Kyleakin Lighthouse was engineered by David and Thomas Stevenson, established
in 1857 and automated in 1960. The lighthouse and keepers’ cottages stand on the
tiny island of Eilean Ban (White Island), which stands in the channel between
Kyleakin on Skye and Kyle of Lochalsh on the Scottish mainland. Nowadays
however, they share the island with a pillar of the bridge. Once a busy sea
route for trade and fishing, the local currents and steep beaches made it an
area to be reckoned with, not least by the Lighthouse Board. In 1911, they wrote
this letter to the Board of Trade. "Sir, I am
directed by the Commissioners of Northern Lighthouses to request the sanction of
the Board of Trade to the payment of an allowance of one six pence a day to the
Attending Boatman at Kyleakin Lighthouse to enable him to obtain assistance in
drawing up the Boat nightly.

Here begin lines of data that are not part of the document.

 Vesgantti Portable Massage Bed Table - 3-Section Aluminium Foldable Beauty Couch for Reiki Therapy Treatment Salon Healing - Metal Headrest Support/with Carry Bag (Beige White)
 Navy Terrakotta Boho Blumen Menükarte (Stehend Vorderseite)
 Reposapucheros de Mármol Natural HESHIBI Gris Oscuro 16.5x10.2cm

Owing to the strong tide and to the fishing traffic
close inshore, the Boat cannot be left at moorings and it is too heavy for one
man to draw up the steep gravel beach. The late Boatman was assisted by a
brother, but the present Boatman is unable to obtain assistance without paying
for it, and it is necessary to make him the above allowance for this purpose."

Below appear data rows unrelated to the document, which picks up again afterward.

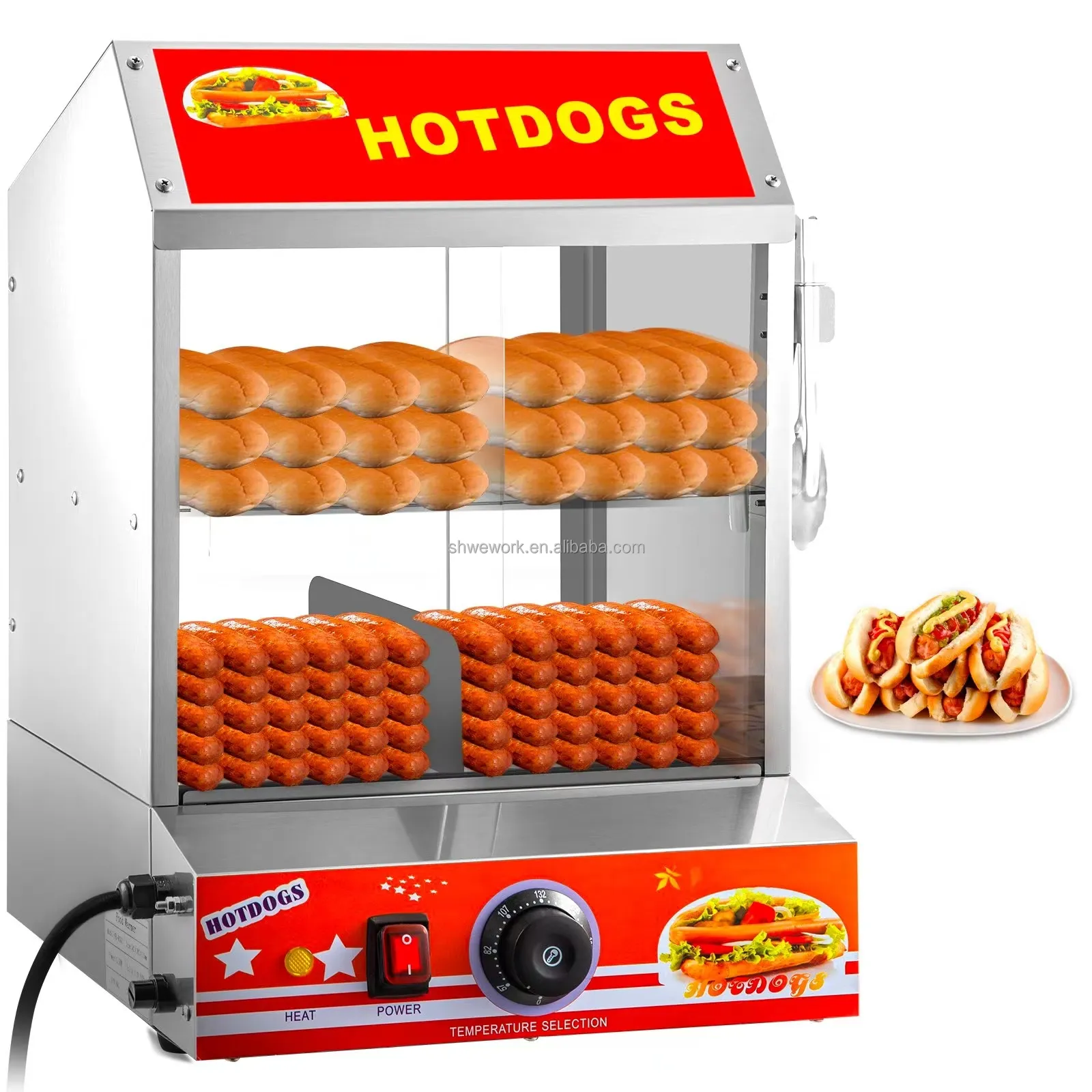 WeWork Hot Dog Steamer 2-Tier Hut Steamer para 175 Cachorros-quentes e 40 Buns Electric Bun Warmer Cooker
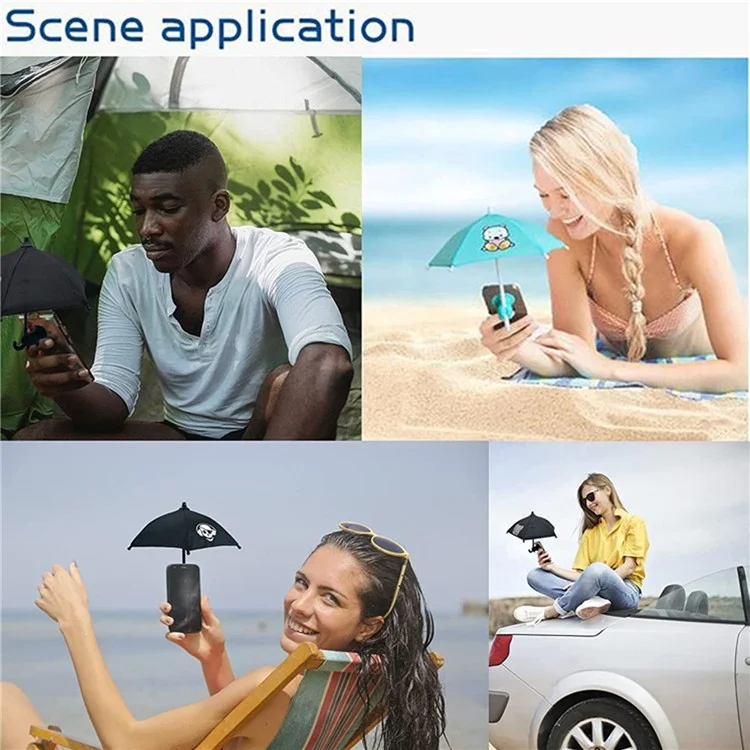 RY-331 Outdoor Cute Mobile Phone Mini Umbrella Sun Shade Cover with Suction Cup Stand - Yellow / Bear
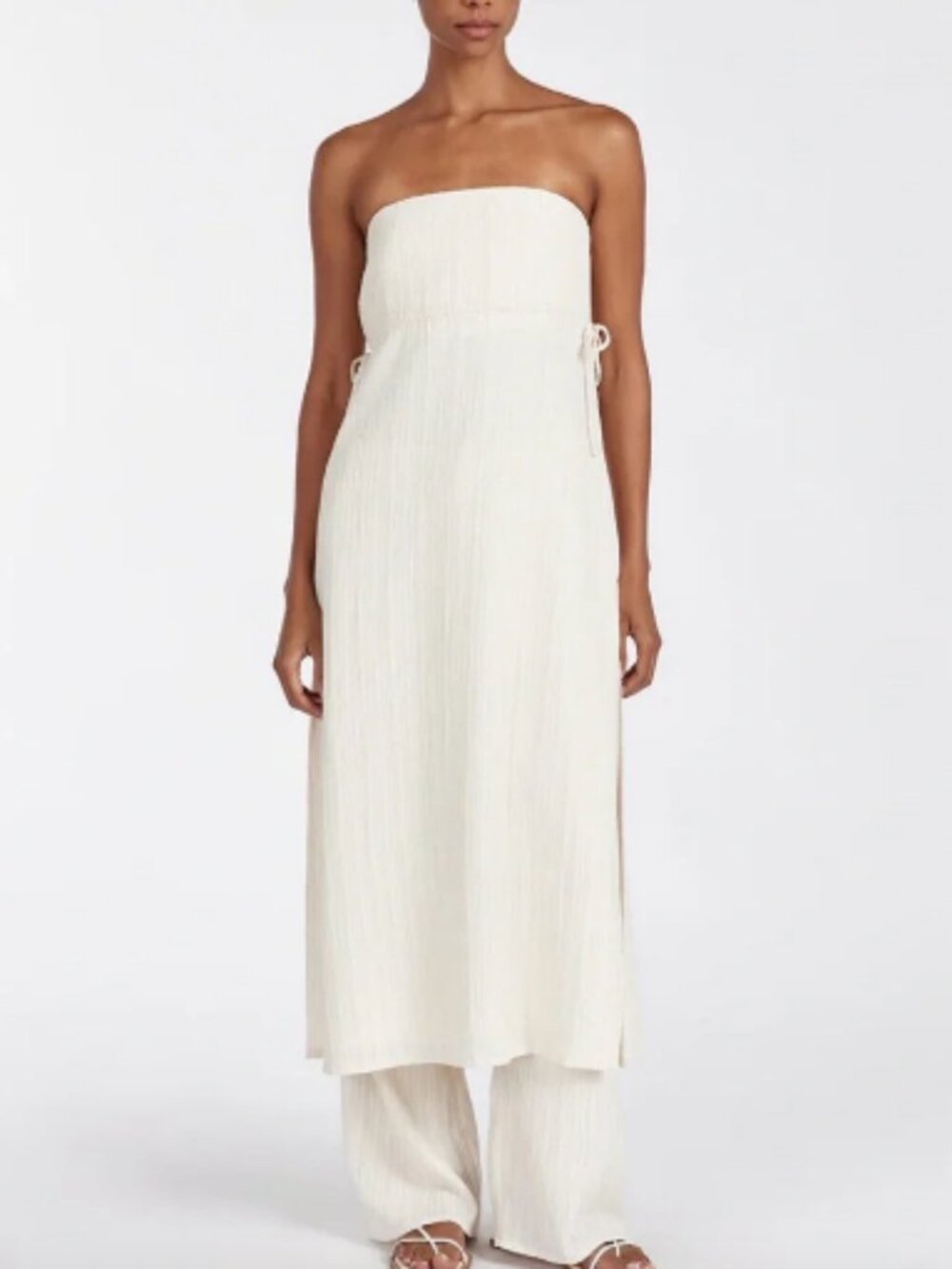 NWT DISSH Fully Lined Cream Strapless 'LOZ' Tunic US 4-6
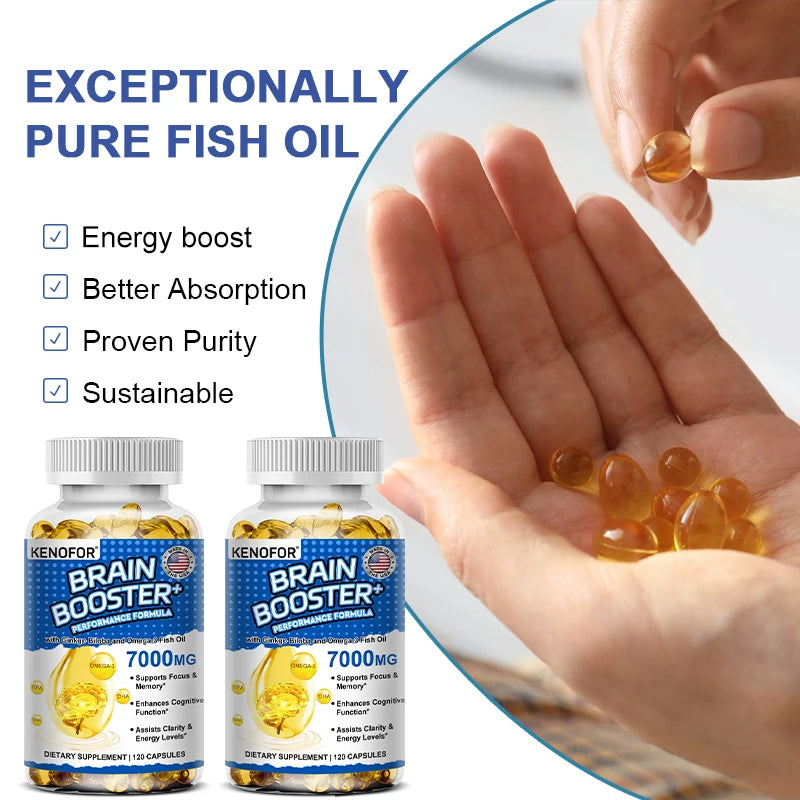 Omega 3 Fish Oil - 1200mg EPA + 600mg DHA, with 1600mg Ginkgo Biloba, for Heart Health, Brain & Immune System Health Supplement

Although the natural beauty of Eilean Ban has been largely destroyed by the
bridge, it has nevertheless been targeted as a conservation and environmental
area. Gavin Maxwell, author of "Ring of Bright Water" lived here for a spell; he
converted the two lightkeepers’ cottages into one, intending to establish on the
island a collection of
Scottish
wildlife, including otters, which live in the area in relatively large numbers.
One of the best places to spot the otters is from just across the sound at
Kylerhea on Skye – there is a hide there, from which to look, although they can
often be seen through binoculars even from the car park on the hill side,
swimming in the currents, close to the small ferry which still runs from Skye to
the mainland at a spot where cattle, tied together in groups of about five or
six and attached to a boat, used to be swum across at slack water.

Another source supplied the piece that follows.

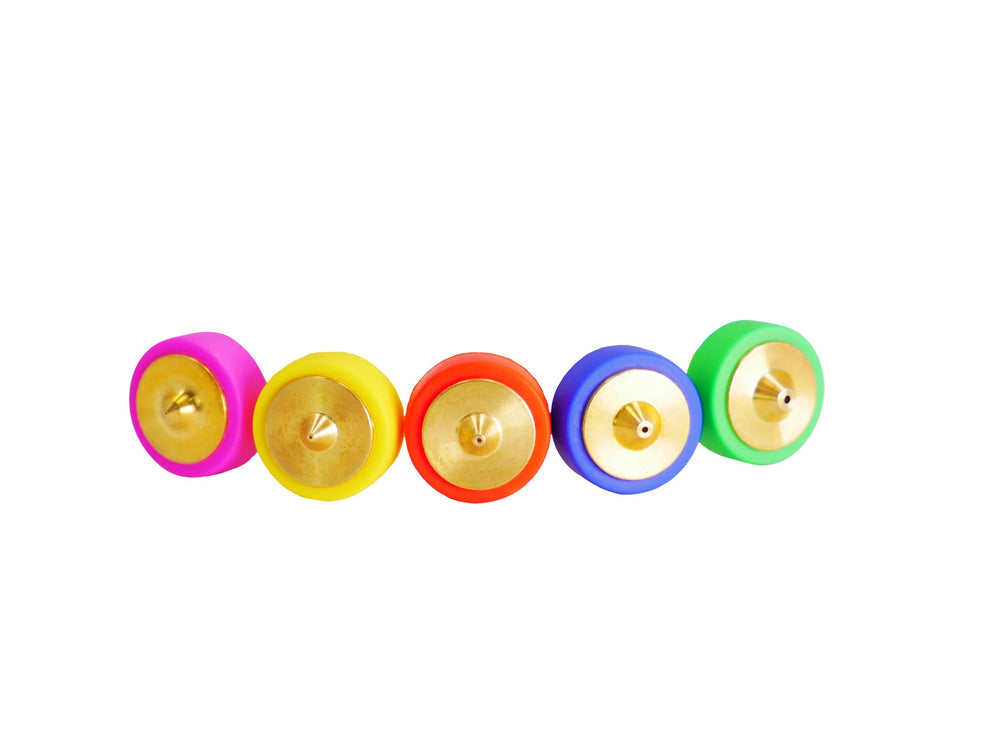 Five E3D Revo brass nozzles in a row, each with its colour-coded sock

Kyleakin was the first lighthouse to which my grandfather, John Clyne, was appointed as Assistant Lightkeeper. John was born in 1856 in Myreton, Murrroes, in the County of Angus, the first son of Charlotte Simpson and Alexander Clyne, who was a ploughman. By the time of the 1881 Census, Alexander was the County Constable in Ferryden, near Montrose in Angus. He was a well-known local figure, becoming in due course, the Inspector of Poor and the local Census Enumerator, amongst other things. John, aged 24, had moved from Murroes to Ferryden with the family. He had become an agricultural blacksmith, but at the time of the Census, was out of work. The Clynes lived just over the hill from Scurdie Ness lighthouse, whose principal keeper was a friend of the family. John’s younger brother, Robert, had already been a lightkeeper for several years. Whether either Alexander or Robert was instrumental in helping John find work is not certain. In any event, by June 1885, presumably after undergoing training as an occasional lightkeeper, John was appointed as Assistant Lightkeeper to Kyleakin lighthouse. The appointment probably gave the necessary security, for a month after his appointment, he married my grandmother, Isabella Robertson, a flaxdresser from Methil in Fife. Their first child, Isabella, was born the following year – mother Isabella had returned home to Fife for the birth of her first baby, although the birth was dually registered, both in Fife and in Lochalsh, the parish to which Kyleakin belonged. A second baby born the following year, Alexander, was born at Kyleakin. The names of the children reflect the Scottish tradition that the first female child should be called after the mother of the child’s mother, and the first male child after the father of the child’s father. The second female child would traditionally be named after the mother of the child’s father and the second male child after the father of the child’s mother; thereafter, family names were generally favoured and often alternated between the two families. The same forename was even sometimes used twice in the same family, usually when the first of that name had died, but sometimes, in a large family, when the older one had left home.
Grandfather remained at Kyleakin for 4 years and 4 months, long enough I suppose for him to have become accustomed to a new way of life – both in the Lighthouse Service and also as a married and family man. However difficult the adjustment might have been, though, I should think that when a letter arrived from the Northern Lighthouse Board in the late Autumn of 1889, it must have been with some trepidation that he informed his wife that, together with their two small children, they were being sent to Cape Wrath, which must surely be the most remote area of the British mainland.